I’m reminded of another point in our history when it was a challenge to make a case for increased defense spending. In 1950, General Omar Bradley urged President Truman to spend at least $18 billion on defense. The Joint Chiefs gave an even higher estimate at $23 billion, and the services’ estimate was higher still at $30 billion. But the President said we couldn’t afford that much - $15 billion was as much as we could afford.

Six months later, we were suddenly in a war in Korea. Just as suddenly we found we had no choice other than to budget some $48 billion—a 300 percent increase. How much better it would have been to have made the investment earlier. If we had done so, Dean Acheson might not have been forced to define Korea as being outside the defense perimeter of the United States—on the grounds that we did not have the forces to defend it.

We have spent an historical average of about 8% of GDP on defense, in part because we have not spent enough in peacetime to prepare for, and deter, war. We can’t know who may challenge us in the future, or where, or when. Today, we are more in the range of 3% of GDP. But it is reckless to press our luck or gamble with our children’s future. To think we can’t afford an insurance policy of roughly 3.5% of GDP today to deter the adversaries of tomorrow and underpin our prosperity, and by extension, peace and stability around the globe, is simply wrong. When compared with the cost in dollars and human lives if we fail to do so, it is cheap at that price.

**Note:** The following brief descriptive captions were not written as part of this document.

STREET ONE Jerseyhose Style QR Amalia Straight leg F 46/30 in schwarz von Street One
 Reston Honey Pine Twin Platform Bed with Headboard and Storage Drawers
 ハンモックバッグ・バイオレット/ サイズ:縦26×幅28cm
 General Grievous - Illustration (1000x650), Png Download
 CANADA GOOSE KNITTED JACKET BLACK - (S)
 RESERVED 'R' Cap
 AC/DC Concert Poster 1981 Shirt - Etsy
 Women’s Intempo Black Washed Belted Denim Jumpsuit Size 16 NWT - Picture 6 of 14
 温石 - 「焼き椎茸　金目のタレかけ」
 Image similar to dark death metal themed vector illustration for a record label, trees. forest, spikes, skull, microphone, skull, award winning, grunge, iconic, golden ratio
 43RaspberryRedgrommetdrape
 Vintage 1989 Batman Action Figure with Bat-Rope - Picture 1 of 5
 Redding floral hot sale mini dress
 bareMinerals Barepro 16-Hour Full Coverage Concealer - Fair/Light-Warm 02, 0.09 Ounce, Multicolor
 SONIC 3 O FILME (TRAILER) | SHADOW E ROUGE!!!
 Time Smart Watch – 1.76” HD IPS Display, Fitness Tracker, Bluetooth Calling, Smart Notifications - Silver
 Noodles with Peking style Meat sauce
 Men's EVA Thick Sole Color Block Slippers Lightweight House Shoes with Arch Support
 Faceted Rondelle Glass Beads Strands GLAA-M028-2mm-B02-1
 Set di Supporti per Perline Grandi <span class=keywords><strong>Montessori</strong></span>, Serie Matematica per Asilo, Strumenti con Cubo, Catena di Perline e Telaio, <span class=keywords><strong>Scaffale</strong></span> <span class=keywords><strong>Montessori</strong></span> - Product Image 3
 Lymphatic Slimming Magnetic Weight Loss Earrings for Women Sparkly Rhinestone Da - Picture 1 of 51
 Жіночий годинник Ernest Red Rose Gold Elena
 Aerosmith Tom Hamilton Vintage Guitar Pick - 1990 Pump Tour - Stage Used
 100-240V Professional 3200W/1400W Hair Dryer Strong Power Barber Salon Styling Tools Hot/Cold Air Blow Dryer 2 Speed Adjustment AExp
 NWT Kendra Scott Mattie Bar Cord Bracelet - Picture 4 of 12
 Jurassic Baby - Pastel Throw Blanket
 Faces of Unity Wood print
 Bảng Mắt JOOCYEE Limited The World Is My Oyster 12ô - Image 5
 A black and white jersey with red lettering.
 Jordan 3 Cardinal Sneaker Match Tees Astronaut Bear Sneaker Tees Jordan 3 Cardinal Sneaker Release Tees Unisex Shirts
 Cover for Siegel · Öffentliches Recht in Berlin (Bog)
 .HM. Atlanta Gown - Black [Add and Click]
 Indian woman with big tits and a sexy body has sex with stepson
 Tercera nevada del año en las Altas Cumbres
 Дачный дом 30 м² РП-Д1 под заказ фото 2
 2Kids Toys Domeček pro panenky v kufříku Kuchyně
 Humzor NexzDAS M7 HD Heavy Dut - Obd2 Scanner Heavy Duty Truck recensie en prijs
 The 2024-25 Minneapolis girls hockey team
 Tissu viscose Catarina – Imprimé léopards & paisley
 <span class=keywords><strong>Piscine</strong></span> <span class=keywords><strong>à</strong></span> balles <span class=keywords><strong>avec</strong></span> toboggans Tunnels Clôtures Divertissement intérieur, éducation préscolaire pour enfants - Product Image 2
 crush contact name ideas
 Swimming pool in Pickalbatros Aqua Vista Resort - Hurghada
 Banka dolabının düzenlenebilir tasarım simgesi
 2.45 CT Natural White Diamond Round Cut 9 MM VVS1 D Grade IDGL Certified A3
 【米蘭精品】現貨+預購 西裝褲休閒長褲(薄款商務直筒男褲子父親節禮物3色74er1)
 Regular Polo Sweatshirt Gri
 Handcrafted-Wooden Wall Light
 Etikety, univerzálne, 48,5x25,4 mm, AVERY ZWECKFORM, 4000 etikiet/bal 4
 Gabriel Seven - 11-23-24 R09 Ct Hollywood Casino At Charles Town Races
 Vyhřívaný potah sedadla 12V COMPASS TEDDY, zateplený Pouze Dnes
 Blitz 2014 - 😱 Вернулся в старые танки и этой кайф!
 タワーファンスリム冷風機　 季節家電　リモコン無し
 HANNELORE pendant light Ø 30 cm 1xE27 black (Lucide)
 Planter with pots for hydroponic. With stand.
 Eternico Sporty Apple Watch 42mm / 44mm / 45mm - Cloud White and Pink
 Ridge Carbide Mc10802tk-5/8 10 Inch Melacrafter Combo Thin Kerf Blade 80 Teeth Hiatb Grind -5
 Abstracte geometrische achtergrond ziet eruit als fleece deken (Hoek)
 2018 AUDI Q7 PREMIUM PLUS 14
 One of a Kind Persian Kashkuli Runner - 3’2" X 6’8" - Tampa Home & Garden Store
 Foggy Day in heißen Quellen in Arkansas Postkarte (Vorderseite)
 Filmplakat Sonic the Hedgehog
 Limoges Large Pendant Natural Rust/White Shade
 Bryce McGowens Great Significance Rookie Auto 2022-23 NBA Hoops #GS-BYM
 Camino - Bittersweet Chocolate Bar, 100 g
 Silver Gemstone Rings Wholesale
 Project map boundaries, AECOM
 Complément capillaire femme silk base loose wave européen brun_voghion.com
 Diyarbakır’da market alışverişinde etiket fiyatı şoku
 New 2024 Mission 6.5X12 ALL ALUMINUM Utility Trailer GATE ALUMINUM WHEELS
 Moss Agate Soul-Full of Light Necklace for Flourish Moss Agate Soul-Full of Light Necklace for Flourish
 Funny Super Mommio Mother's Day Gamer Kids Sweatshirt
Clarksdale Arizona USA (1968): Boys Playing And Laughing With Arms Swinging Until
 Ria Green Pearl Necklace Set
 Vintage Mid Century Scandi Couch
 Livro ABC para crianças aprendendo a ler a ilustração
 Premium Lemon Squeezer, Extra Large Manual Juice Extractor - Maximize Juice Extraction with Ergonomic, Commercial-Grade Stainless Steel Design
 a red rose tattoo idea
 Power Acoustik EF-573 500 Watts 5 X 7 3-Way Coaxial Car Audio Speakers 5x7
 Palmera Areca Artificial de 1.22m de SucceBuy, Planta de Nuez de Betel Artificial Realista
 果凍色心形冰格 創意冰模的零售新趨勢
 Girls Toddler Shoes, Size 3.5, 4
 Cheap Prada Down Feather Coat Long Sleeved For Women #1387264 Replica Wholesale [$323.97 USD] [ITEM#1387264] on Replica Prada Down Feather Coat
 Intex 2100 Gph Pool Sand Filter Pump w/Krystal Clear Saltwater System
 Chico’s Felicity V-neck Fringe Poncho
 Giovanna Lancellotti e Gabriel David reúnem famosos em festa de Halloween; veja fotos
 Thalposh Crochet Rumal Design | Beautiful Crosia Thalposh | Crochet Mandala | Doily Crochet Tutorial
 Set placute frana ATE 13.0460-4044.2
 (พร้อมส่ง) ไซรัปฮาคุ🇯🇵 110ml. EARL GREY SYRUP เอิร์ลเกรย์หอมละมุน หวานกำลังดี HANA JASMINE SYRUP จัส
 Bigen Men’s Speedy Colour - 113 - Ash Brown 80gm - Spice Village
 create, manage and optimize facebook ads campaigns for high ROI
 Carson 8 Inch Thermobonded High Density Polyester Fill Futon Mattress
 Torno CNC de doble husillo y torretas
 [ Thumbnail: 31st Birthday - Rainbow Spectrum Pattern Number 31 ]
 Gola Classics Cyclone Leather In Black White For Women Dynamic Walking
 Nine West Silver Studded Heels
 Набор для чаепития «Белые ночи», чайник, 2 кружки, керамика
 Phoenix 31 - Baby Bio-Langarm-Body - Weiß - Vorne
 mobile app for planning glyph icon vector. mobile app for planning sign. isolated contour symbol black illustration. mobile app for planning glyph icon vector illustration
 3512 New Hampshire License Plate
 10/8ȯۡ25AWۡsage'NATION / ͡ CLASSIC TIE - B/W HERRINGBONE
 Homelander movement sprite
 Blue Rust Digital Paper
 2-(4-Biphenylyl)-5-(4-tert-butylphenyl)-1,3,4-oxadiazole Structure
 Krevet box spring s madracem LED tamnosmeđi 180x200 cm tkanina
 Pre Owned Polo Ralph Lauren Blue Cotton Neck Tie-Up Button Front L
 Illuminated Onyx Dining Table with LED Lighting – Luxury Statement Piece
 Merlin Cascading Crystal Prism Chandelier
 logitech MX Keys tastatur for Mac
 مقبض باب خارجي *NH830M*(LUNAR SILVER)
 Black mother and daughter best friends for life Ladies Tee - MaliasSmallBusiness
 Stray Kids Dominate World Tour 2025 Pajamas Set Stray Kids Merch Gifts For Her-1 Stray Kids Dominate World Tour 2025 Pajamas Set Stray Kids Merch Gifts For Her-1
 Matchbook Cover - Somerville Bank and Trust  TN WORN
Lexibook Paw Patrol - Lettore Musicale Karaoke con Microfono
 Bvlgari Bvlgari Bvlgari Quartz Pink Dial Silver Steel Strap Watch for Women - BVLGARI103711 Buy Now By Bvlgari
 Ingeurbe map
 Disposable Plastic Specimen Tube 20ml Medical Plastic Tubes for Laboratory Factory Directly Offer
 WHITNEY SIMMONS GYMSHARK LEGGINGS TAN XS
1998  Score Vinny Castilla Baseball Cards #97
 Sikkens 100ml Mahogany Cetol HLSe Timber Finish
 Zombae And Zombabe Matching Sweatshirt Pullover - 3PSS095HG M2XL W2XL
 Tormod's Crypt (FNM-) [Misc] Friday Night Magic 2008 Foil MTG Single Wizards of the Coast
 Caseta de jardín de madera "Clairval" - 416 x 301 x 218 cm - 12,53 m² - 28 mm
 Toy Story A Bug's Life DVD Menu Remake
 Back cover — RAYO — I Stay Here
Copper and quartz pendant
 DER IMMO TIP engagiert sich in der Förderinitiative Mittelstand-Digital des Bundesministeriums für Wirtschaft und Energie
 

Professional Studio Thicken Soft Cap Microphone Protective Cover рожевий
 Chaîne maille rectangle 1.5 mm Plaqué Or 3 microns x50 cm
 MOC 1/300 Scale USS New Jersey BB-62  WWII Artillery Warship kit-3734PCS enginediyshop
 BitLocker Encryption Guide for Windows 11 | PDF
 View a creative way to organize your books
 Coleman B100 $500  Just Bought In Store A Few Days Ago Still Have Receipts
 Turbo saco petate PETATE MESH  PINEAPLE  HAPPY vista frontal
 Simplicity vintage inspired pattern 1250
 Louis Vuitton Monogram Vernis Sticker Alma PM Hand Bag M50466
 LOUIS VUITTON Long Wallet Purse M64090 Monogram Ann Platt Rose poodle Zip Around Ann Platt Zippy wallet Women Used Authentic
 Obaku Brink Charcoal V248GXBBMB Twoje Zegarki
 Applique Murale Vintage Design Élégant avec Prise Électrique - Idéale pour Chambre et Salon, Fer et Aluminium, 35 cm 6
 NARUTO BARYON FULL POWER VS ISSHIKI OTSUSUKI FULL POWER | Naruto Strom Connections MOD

It’s interesting here to consider once again the situation in 1950. President Truman’s bottom-line figure of $15 billion represented 32 percent of the federal budget, or just 5 percent of the GDP. The jump in spending to $48 billion the war necessitated represented more than 15 percent of the GDP. If history is our guide, it suggests strongly that we are much wiser to pay the premium now than to pay in blood and treasure later.

Much remains to be done, and we know that fixing and transforming our force is a joint responsibility, one that requires a close partnership between Congress and the Executive Branch. It is a responsibility we have to our nation’s service members; it is a responsibility we have to future generations. The force we build today will benefit our successors—and help ensure peace and prosperity for our children and grandchildren.

We look forward to working with you to rehabilitate today’s force, and build the force of the future. We earnestly seek your support in this important and noble mission. Thank you.